PolitiSense scrapes data on hundreds of thousands of headlines, posts and comments across the internet, gathering the opinions of the masses from tweets on Twitter or subreddits on Reddit while also sifting through volumes of news headlines from major media outlets such as Fox or CNN. We then see what people are saying about a particular political figure at any given time, analyzing sentiment with word content and level of engagement (number of likes, retweets, upvotes, etc) and aggregating into a single sentiment score.
Using the search feature, find out how the internet feels about a political figure in real-time!
How we built it
- Flask for serving templates and running scraping tasks
- MongoDB to store scraped data
- Python and various APIs (beautiful soup, pushshift, tweepy, etc) for scraping data
- NLTK for sentiment analysis
- Google cloud hosting backend
Challenges we ran into
- various frustrating front end tasks (e.g. the search bar that wouldn't center)
- Getting backend functions up and running on google cloud
- Scraping data from a variety of sources on the internet
- Formatting data for sentiment analysis
- Handoff between front end and back end
- Trying to get a twitter developer account, panicking because you googled and it said that the average developer account gets approved in 19 days, but then realizing you still have a valid set of authentication tokens from a twitter bot tutorial from the high school coding club five years ago
Accomplishments that we're proud of
First time our team has built a coherent end to end system from front end to back end, so we're pretty excited about that.
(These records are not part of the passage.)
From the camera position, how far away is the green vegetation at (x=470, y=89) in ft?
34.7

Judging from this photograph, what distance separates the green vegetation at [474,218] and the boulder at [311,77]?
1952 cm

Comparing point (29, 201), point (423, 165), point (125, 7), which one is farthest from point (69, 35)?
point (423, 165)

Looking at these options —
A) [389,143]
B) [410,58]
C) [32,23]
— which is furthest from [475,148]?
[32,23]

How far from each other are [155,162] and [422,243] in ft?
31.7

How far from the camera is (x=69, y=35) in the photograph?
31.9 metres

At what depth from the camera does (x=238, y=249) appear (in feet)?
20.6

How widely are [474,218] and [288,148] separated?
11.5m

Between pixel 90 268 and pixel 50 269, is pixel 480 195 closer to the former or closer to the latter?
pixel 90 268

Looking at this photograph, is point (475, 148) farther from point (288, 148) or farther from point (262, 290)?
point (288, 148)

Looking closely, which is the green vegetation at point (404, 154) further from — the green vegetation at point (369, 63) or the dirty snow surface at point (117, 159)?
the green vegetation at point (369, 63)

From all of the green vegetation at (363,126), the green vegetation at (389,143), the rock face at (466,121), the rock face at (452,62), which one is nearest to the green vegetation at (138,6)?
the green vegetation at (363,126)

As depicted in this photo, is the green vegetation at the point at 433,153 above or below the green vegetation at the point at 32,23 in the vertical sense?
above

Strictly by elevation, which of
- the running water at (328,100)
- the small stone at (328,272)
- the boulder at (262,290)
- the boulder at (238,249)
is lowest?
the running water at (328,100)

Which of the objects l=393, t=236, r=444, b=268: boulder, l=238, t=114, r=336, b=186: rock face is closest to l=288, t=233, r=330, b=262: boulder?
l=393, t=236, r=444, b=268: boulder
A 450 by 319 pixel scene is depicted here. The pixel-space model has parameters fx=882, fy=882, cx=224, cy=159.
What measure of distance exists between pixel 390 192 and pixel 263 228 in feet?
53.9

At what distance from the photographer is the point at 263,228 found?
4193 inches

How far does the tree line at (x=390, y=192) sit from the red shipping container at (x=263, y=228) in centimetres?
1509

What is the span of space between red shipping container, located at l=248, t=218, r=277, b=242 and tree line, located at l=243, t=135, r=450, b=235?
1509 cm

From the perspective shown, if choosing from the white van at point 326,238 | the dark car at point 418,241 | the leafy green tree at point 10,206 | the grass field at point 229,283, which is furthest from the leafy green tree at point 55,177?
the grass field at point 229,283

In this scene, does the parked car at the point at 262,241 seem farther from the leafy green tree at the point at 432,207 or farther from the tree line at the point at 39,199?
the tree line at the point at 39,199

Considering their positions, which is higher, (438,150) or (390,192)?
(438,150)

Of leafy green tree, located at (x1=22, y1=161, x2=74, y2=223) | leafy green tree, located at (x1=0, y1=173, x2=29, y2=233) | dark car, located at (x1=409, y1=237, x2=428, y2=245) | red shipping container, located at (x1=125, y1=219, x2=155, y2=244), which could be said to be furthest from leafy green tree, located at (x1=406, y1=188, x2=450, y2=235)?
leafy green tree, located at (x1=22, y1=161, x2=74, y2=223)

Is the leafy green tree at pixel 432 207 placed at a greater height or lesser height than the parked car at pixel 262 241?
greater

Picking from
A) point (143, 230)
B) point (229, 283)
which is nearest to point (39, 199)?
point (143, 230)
Also proud of the animation of the search bar when the webpage first loads because god knows how long that took
What we learned
Exposure to various APIs, but mainly learned how to smoothly connect the backend to the frontend to deliver a product.
What's next for PolitiSense
Our team thinks there's a lot more that can be done-- our minimum viable product implements only the barest of features, which is the ability to search one politician at a time, with data only from one day prior. In the future, we'd like to add:
- filters adjusting time range of data scraped
- analysis of sentiment on not just politicians, but also political issues or current events in general
- general dashboard that shows data breakdowns of how the aggregate sentiment score was achieved (for example, the sentiment scores from Reddit vs Twitter vs CNN)
- more data being scraped (add in facebook, more subreddits, instagram, etc)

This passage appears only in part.